而這種關懷與依賴關係則是如今社會保障、醫療照護與養老制度的核心,也是道德和文化發展的起點,是區別人與動物的重要因素之一。沒有這些特徵,就不會出現複雜的社會結構,比如家庭、社區、民族與國家的形成。

換言之,對老人這類弱勢羣體的關懷不僅僅是出於血緣關係的本能,更應該是一種社會責任,它所體現的是一個羣體最基本的文明程度。

特別是在家庭結構發生變化、社會流動性大大增強的現代社會,子女很多情況下無法及時爲老人提供應有陪伴和支持,更別說還存在數量龐大失獨人羣,此時,社會保障所扮演的角色就顯得尤爲重要。

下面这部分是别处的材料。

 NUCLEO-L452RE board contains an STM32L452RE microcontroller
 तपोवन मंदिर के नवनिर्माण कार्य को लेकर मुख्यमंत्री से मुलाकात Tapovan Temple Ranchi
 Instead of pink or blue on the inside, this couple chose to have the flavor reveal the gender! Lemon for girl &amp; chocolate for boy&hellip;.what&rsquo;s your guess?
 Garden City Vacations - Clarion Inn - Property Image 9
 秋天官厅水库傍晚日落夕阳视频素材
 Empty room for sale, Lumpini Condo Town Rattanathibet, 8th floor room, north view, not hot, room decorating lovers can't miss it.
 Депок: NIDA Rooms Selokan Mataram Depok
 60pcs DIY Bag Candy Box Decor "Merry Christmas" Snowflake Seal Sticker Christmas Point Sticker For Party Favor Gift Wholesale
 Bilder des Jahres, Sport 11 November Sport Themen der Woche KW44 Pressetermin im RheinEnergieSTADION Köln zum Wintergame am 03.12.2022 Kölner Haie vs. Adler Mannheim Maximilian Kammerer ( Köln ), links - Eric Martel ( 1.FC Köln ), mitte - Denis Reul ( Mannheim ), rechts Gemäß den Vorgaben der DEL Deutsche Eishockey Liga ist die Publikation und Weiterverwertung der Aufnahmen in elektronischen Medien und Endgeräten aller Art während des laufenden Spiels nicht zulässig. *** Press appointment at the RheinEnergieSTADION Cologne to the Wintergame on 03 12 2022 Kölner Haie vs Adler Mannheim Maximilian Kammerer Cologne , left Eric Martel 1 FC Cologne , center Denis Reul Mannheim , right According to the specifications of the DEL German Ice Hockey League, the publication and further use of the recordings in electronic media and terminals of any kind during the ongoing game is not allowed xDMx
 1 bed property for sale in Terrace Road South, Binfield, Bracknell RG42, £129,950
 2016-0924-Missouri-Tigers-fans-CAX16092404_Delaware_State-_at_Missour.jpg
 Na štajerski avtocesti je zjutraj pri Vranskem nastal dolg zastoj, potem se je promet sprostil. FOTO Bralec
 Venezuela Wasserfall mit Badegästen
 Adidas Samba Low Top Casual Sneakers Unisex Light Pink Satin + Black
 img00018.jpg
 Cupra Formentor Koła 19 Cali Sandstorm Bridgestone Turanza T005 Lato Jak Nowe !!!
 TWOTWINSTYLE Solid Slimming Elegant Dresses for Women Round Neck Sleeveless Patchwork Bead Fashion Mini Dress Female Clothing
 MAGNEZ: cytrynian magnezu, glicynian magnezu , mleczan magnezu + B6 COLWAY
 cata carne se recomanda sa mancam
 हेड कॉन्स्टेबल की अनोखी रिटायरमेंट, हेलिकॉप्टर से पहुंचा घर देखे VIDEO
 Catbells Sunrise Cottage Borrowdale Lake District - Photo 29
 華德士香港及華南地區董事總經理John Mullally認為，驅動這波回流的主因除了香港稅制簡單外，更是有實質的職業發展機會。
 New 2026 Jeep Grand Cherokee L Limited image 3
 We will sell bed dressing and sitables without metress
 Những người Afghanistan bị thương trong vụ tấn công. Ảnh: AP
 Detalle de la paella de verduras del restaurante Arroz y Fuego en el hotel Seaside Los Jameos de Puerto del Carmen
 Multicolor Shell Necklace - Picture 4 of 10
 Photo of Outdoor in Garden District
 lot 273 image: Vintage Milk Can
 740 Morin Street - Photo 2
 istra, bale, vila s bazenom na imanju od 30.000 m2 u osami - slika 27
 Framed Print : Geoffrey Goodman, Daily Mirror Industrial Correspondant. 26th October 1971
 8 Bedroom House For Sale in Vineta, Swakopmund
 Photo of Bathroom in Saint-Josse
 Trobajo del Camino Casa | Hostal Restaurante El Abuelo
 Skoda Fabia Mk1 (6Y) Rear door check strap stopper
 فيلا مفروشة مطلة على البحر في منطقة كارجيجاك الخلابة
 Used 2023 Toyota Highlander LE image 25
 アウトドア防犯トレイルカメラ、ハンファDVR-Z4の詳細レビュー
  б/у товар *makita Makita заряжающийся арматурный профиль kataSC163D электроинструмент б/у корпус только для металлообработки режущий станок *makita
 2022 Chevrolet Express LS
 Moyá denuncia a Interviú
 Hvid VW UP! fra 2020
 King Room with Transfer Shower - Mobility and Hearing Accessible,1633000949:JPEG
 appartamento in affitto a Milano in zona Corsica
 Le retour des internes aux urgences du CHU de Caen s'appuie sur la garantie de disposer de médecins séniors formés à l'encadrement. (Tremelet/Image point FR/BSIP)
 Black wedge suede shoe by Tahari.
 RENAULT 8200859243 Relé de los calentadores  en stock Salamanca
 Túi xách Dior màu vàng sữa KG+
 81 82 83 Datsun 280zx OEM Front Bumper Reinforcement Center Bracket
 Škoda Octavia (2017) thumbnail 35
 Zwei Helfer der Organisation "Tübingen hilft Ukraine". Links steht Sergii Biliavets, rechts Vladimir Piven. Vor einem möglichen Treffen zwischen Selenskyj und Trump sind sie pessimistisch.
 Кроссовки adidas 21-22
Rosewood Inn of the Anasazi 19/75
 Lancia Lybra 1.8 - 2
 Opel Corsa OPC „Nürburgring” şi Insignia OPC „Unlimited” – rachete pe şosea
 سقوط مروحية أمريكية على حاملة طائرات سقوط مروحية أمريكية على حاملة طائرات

而這正是我們所缺失的,別說讓老人死得有尊嚴,就是活得體面也很不容易,尤其是在廣大農村地區,老人就像殘障羣體一樣,由於年齡、身體、智力等方面的因素,在一個充斥着社達文化的社會中,常常被視爲負擔與麻煩,這進一步導致,在公共服務與政策設計中,他們往往會被邊緣化,得不到足夠的關注與資源。

故事中的老人就是這樣,原本他應該被送去醫院,得到免費的救治或在某個養老院中安享晚年,而非等着被某位路人幸運地發現或靠着某位好心人的善念大發,最起碼也應該有個體面的死法,而不是爛在自己的排泄物裡,在衆目睽睽之下、在惡臭和絕望中閉上雙眼。

可以說,他的死不僅是村委會的失職,更是社會責任的嚴重失位,這無疑給了眼高於頂的我們一記響亮的耳光,也再一次給發展過熱的社會敲響了警鐘。

畢竟所有人都有老去的一天,而到了那時,我們能否舒適地活着,安詳地死去呢?這是一個值得思考的問題。